I am trying to copy data from S3 to HDFS, observed couple of issues and have few questions.
Issues
Processor ConvertJSONToAvro - If the flowfile is not a valid JSON, then the processor gets stuck in infinite loop with following error.
ConvertJSONToAvro[id=c09f4c27-0160-1000-6c29-1a31afc5a8d4] ConvertJSONToAvro[id=c09f4c27-0160-1000-6c29-1a31afc5a8d4] failed to process session due to java.lang.RuntimeException: Unexpected character ('"' (code 34)): was expecting comma to separate OBJECT entries at [Source: org.apache.nifi.controller.repository.io.FlowFileAccessInputStream@2ad7d50d; line: 8, column: 14]: Unexpected character ('"' (code 34)): was expecting comma to separate OBJECT entries at [Source: org.apache.nifi.controller.repository.io.FlowFileAccessInputStream@2ad7d50d; line: 8, column: 14] 16:45:35 UTC WARNING c09f4c27-0160-1000-6c29-1a31afc5a8d4 ConvertJSONToAvro[id=c09f4c27-0160-1000-6c29-1a31afc5a8d4] Processor Administratively Yielded for 1 sec due to processing failureProcessor FetchS3Object - Irrespective of value set to "Object key", it always pick value of ${filename}. For example, if "Object key" is set to "${Newfilename}", it ignores the value set and picks ${filename} only.
Questions
Is it possible to refer flowfile from previous processors ? My usecase is FetchS3Object(file1) -> EvaluateJsonPath -> FetchS3Object(file2) -> PutHDFS -> FetchS3Object(file1) -> PutHDFS. In this case instead of loading file1 multiple times, is it possible to store and refer it through out the flow.
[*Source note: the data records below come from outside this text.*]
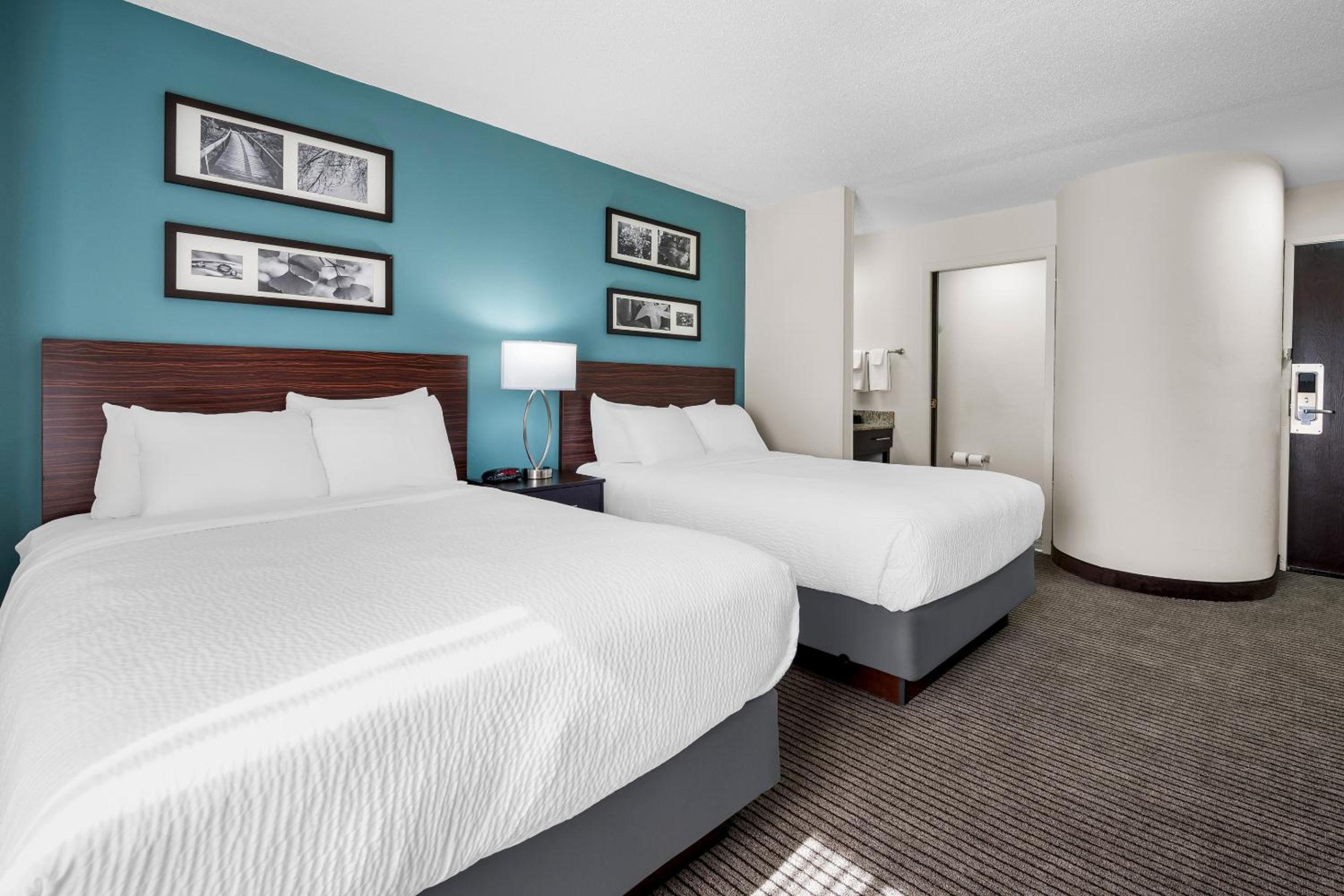Double Room with Two Double Beds - Non-Smoking photo 3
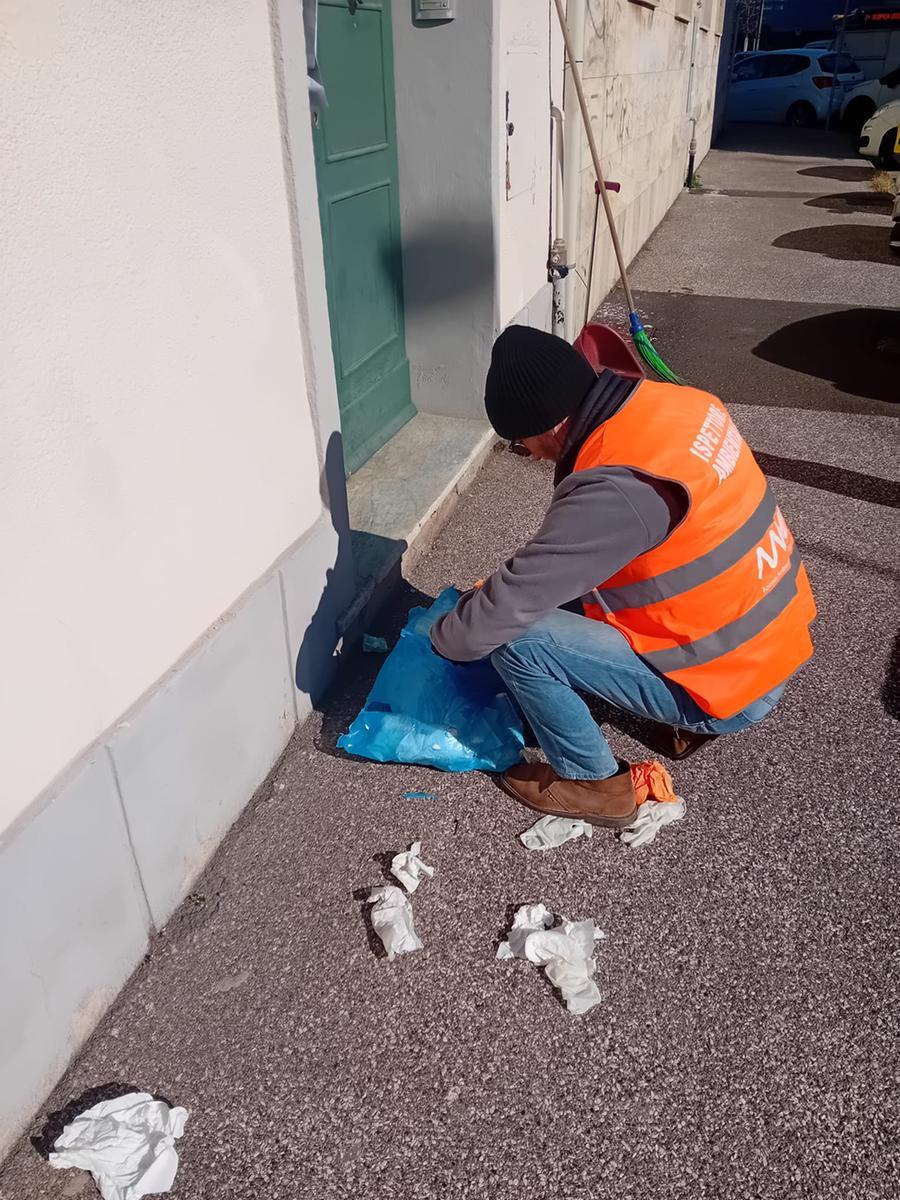 Livorno, cannule nasali, mascherine, guanti: ritrovati rifiuti sanitari in via Tripoli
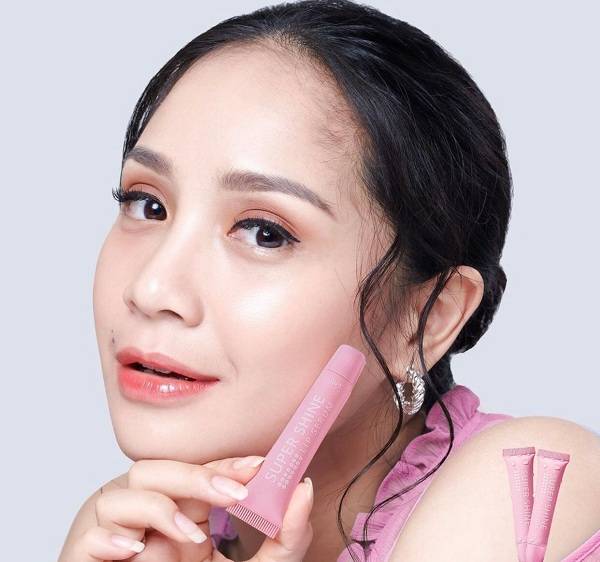 Ini Dia Produk yang Bikin Bibir kalian Merah Alami Tanpa Memulas Berulang Kali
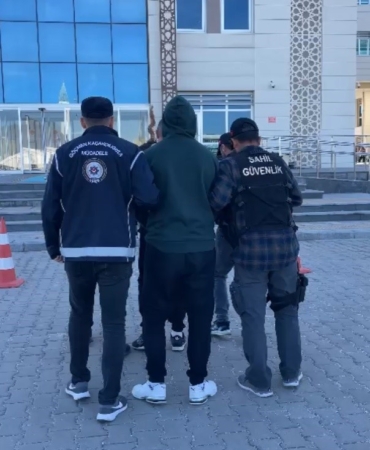 Çanakkale’de göçmen kaçakçılığı operasyonu: 79 kaçak göçmen ile 2 organizatör yakalandı
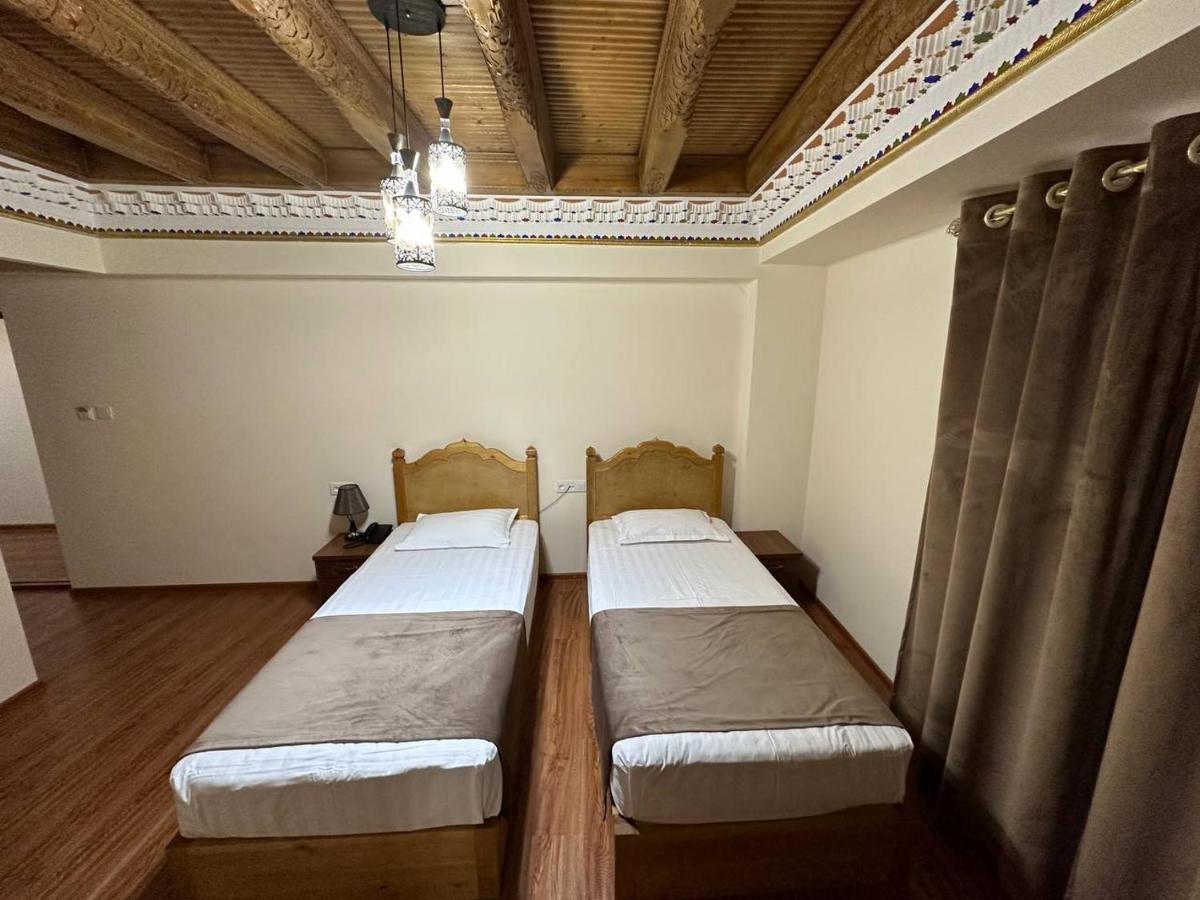 Antique Hotel Imran Buhara Exterior foto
In above point, files file1 and file2 are one unit. Is there any options to copy both files or fail for both
ListS3 processor loads files based on timestamp. If a file is loaded and failed in any other step, then it needs to be loaded again for reprocessing. One option is update the timestamp of the file, so it will be avilable for ListS3 during next poll. How do we update timestamp of a file in S3 ? or there any other options to handle usecases like this.